COMANDI FACILI FACILI

Abbiamo potuto guidare brevemente una Santa Fe . Una volta a bordo, convincono materiale e montaggi. Si apprezzano la finitura delle plastiche, la morbidezza del rivestimento della plancia e la precisione degli accoppiamenti. Promossi con lode anche i comandi: tasti e rotelle di grandi dimensioni e facilmente individuabili, tanto che dopo pochi minuti è come averli usati da sempre. Il cruscotto affianca a tre elementi a lancetta uno schermo a colori di 7’’, che presenta le sue informazioni in maniera intuitiva. Di qualità il sistema Head-Up Display, che proietta sul parabrezza i dati del navigatore, del tachimetro e molto altro: non solo pochi pittogrammi e pochi colori, ma un vero e proprio schermo a colori in alta definizione, ricco di informazioni.

CONTRO LE DIMENTICANZE –

Come ci si aspetta da una moderna auto da famiglia, un importante passo avanti è stato fatto sotto il profilo della sicurezza. Optional o di serie, sulla Hyundai Santa Fe , ci sono i ben noti sistemi di controllo dell’angolo cieco e dei veicoli che arrivano lateralmente mentre si procede in retromarcia, oltre al mantenimento attivo della corsia e al cruise control adattativo. A questi si aggiungono due interessanti dispositivi: il Safe Exit Assist e il Rear Occupants Alert. Il primo ritarda l’apertura delle porte dall’interno se rileva un veicolo in avvicinamento da dietro. Il secondo, invece, avvisa se ci siano occupanti (come bambini o animali) sul divano quando il guidatore esce dalla vettura.
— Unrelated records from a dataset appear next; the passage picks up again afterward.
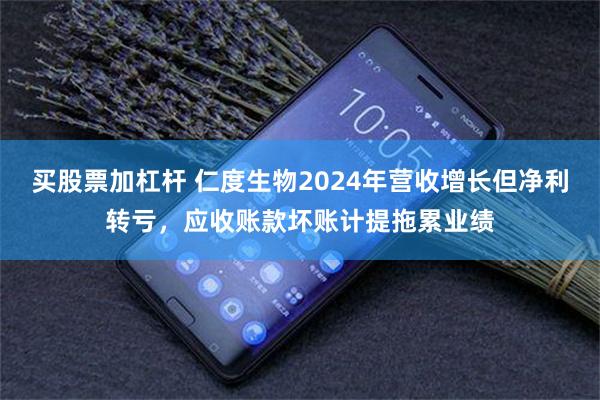 买股票加杠杆 仁度生物2024年营收增长但净利转亏，应收账款坏账计提拖累业绩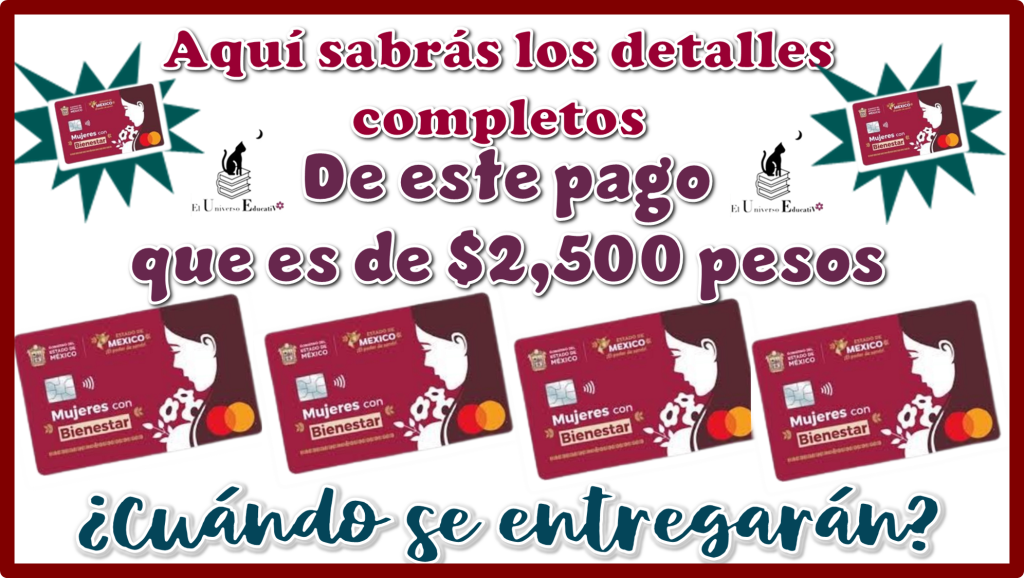 Aquí sabrás los detalles completos de este pago que es de $2,500 pesos | ¿Cuándo se entregarán?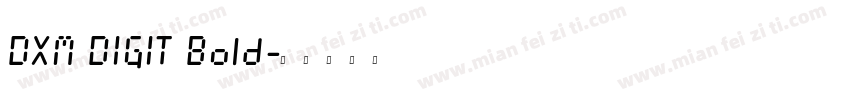 DXM DIGIT Bold字体转换
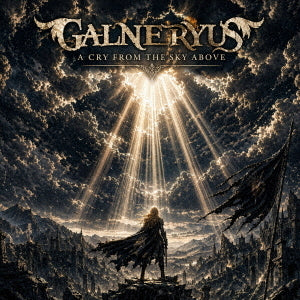GALNERYUS – A CRY FROM THE SKY ABOVE [w/ Blu-ray, Limited Edition]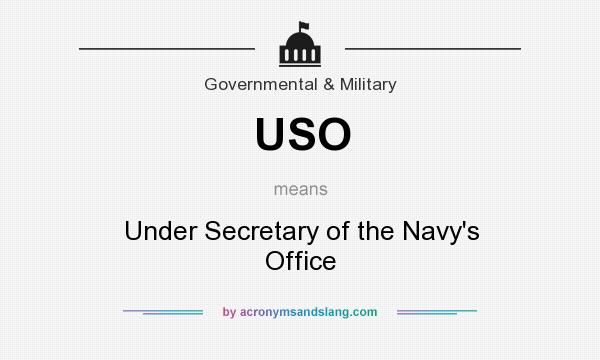 What does USO mean? It stands for Under Secretary of the Navy`s Office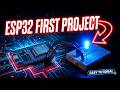 “ESP32 Beginner Project | Control LED Easily”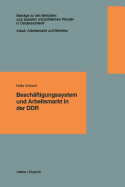 Beschaftigungssystem Und Arbeitsmarkt in Der Ddr
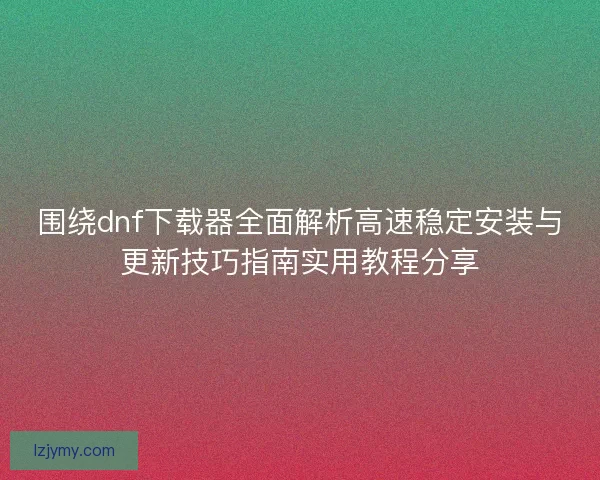 围绕dnf下载器全面解析高速稳定安装与更新技巧指南实用教程分享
Per farlo, sfrutta sensori di movimento montati sul soffitto.

 

 

SPAZIO EXTRA –

Con le dimensioni della carrozzeria è aumentata anche l’abitabilità della Hyundai Santa Fe.  Chi sta sul divano ha a disposizione 38 mm in più per le gambe. Chi siede invece in terza fila, gode di un paio centimetri in più sopra la testa e, soprattutto, di una maggiore visibilità. I vetri laterali posteriori sono più grandi del 41%. Non mancano, infine, appigli che facilitano l’ingresso e l’uscita e prese Usb per la ricarica dei cellulari.

 

 

MOTORI –

E’ proposta con due motori diesel e un benzina, la nuova Hyundai Santa Fe. Tutti omologati Euro 6C. Il più moderno è un 2 litri turbodiesel declinato in due livelli di potenze: 150 e 182 cavalli. L’alternativa, sempre a gasolio, è il 2.2 CRDi da 197 cv, che Hyundai ha reso leggermente più efficiente con un lavoro di fino. Terza via – presumibilmente snobbata in Europa – un 2.4 litri benzina Theta II che mette sul piatto 185 cv.

 

Secondo noi
Cambio automatico. Progettato e costruito dalla stessa Hyundai, innesta sempre con dolcezza il rapporto corretto; e può essere dotato di palette al volante.
Comandi. Convincono per grandezza e disposizione: si trovano al primo colpo.
Sistemi di sicurezza. In aggiunta a quelli più conosciuti, ci sono quello che ritarda l’apertura delle porte per evitare di colpire altri veicoli in transito e quello che avvisa se abbiamo dimenticato bambini o animali a bordo.